Small update. My jig is a SE-76, obviously a predecessor. The dimensions are very slightly different.
QuoteCalcapp just makes the measurement easier, the "30.1mm" puts it to the back of the USB.

I found this number on the SE-76 to be 29.4mm, so if I interpolate the values it comes out practically the same.
This is besides the fact that this all is not rocket science, to quote myself.

Note that I updated the jig dimension measurements above after finding a more exact method.

A note for Ken:
I was not in vain that I invested the work to describe the planes and what to look for.
The "bessey" method I described somewhere here for sharpening an axe uses exactly the same principles. You cannot use any of the angle jigs to set up the grinding angle on an axe that has curved surfaces all over it.
Thats great.
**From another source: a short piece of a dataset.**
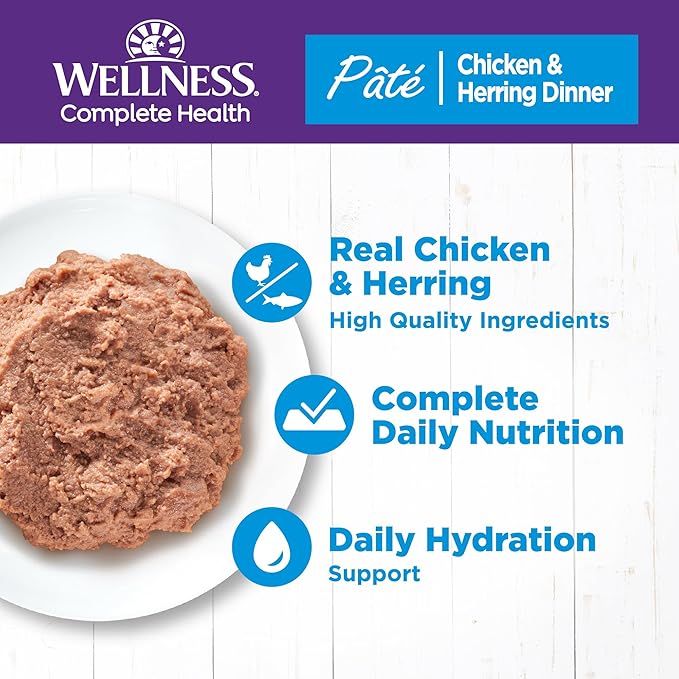 Wellness Complete Health Pate Adult Wet Cat Food, Natural, Protein-Rich, Grain Free, 5.5 Ounce, 24 Pack, (Chicken & Herring)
We just described an alternative way that lets people do some number crunching for virtually any jig to come.

Cheers! ;-)


it is not strictly a Stanley, which is why I said "akin". Funnily, most people here used to be able to relate to a "stanley planer". It´s actually a now pretty old "Witte Plano" planer.
It has "HSS" stamped on the blade. They were also commonly referred to as "Resopal planers".

I agree that it is not strictly necessary to use a program for simple things like that. That said, devices like the TTS-100 or so may not work too well on surfaces like leather or felt for honing purposes. If we transfer Vadim's knowledge onto chisels and planer blades then honing angles are critical with respect to the grinding angle. The grinding angle by itself is deemed less critical.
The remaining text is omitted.